INSTRUCTIONS FOR THE TASK – Your answer must be the exact lines below, starting with the line with "Practica. El alumno" and going on through the line with "藤山健康文化公園で散った山茶花の花びらが足元に広がるピンクの絨毯1 - ゆりママんブログ", both included, with no pictures.

RECORDS SUPPLIED –
+---+

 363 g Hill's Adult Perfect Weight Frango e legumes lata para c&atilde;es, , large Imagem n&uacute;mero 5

+---+

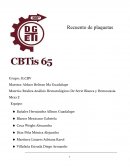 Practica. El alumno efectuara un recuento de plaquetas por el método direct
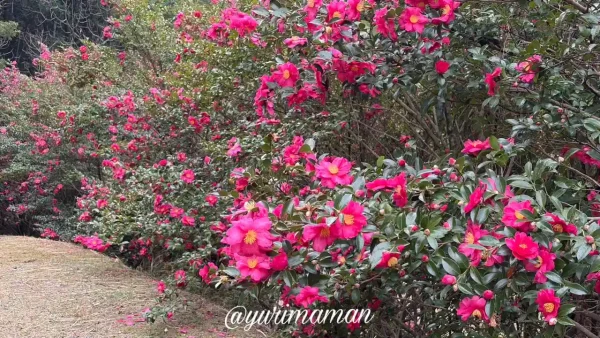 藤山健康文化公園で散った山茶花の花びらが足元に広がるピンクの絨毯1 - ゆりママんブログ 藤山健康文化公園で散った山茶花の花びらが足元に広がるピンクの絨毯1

+---+

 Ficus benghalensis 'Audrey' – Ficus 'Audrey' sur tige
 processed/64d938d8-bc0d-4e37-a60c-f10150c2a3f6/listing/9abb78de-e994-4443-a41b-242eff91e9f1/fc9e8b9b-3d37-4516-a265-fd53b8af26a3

+---+

EXPECTED ANSWER –
 Practica. El alumno efectuara un recuento de plaquetas por el método direct
 藤山健康文化公園で散った山茶花の花びらが足元に広がるピンクの絨毯1 - ゆりママんブログ 藤山健康文化公園で散った山茶花の花びらが足元に広がるピンクの絨毯1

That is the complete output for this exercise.